» **Task instructions**: Instruction for the entries that follow: retype exactly the lines from the line with "Msi Rtx 5070 Ti Expert Oc Carte Dos" to the line with "Elevation divine-terrace Elevation", both included, and omit all others.

##### Data for processing

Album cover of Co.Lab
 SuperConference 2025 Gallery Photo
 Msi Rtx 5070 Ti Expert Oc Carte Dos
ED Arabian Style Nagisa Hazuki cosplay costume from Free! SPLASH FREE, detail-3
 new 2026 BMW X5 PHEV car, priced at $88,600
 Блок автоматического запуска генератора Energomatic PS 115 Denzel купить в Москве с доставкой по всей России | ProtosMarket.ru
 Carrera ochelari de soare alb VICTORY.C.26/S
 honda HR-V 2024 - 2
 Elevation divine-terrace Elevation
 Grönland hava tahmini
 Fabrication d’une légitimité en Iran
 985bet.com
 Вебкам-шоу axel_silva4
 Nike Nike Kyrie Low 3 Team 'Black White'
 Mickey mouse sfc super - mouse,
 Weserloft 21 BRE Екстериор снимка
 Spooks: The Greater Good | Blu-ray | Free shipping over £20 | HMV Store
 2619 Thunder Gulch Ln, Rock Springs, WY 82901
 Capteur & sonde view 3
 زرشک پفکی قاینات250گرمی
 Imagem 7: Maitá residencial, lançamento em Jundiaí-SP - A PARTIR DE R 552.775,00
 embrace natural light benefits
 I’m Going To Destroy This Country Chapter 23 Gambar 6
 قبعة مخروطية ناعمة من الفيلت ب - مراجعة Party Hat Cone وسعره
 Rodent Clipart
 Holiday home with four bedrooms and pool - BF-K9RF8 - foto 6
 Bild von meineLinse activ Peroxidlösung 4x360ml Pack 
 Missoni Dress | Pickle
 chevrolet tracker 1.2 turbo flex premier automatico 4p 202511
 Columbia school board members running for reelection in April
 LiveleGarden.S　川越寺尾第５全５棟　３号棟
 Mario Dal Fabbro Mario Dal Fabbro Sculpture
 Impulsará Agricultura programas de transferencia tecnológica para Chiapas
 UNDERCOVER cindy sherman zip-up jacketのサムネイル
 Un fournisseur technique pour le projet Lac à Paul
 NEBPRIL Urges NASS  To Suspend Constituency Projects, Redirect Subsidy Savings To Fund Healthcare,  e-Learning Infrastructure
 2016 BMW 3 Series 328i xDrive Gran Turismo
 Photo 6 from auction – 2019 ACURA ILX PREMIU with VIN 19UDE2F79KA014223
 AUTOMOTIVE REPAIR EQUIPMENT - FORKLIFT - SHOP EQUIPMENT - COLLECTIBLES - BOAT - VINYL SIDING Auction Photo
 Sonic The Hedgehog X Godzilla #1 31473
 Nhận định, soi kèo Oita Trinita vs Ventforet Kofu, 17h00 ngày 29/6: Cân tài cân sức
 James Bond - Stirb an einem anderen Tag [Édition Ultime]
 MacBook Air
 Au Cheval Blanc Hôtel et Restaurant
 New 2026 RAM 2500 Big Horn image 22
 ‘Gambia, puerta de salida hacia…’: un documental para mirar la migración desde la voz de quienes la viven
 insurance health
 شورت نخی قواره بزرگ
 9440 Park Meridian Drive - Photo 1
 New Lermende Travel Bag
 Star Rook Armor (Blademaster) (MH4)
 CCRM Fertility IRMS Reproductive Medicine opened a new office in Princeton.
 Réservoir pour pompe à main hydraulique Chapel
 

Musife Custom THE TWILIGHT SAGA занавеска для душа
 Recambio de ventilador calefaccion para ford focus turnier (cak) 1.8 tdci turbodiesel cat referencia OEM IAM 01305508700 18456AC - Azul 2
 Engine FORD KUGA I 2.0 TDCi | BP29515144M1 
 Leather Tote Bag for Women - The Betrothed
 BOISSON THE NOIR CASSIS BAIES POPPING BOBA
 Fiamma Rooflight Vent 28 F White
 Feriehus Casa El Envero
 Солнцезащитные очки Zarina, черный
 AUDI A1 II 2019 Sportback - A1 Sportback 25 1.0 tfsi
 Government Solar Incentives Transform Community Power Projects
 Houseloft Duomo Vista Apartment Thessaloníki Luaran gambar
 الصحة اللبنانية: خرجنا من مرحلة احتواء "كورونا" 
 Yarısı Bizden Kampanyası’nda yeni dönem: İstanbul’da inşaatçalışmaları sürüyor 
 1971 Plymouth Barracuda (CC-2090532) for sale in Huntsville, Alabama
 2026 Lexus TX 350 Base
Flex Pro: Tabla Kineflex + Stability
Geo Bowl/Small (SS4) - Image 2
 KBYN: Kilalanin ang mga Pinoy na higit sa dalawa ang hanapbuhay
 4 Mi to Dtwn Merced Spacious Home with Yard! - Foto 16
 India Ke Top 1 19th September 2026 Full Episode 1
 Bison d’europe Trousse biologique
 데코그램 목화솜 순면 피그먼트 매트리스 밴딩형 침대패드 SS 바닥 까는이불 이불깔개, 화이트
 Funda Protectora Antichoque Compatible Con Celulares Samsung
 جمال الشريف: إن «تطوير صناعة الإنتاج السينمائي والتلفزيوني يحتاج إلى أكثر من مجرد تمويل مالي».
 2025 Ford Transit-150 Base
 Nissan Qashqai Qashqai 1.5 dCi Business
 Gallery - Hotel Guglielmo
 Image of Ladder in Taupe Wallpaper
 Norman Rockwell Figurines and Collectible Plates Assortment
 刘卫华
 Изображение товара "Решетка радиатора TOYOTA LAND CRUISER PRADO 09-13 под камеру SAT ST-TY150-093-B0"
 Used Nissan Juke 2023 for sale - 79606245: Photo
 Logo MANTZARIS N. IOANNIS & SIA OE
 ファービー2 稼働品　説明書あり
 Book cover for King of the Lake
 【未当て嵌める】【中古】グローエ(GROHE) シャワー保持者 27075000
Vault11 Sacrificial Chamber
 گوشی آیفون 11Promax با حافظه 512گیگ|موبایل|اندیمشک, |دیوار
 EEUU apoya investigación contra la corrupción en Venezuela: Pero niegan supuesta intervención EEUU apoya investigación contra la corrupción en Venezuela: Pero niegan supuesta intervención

##########

» **Result**:
 Msi Rtx 5070 Ti Expert Oc Carte Dos
ED Arabian Style Nagisa Hazuki cosplay costume from Free! SPLASH FREE, detail-3
 new 2026 BMW X5 PHEV car, priced at $88,600
 Блок автоматического запуска генератора Energomatic PS 115 Denzel купить в Москве с доставкой по всей России | ProtosMarket.ru
 Carrera ochelari de soare alb VICTORY.C.26/S
 honda HR-V 2024 - 2
 Elevation divine-terrace Elevation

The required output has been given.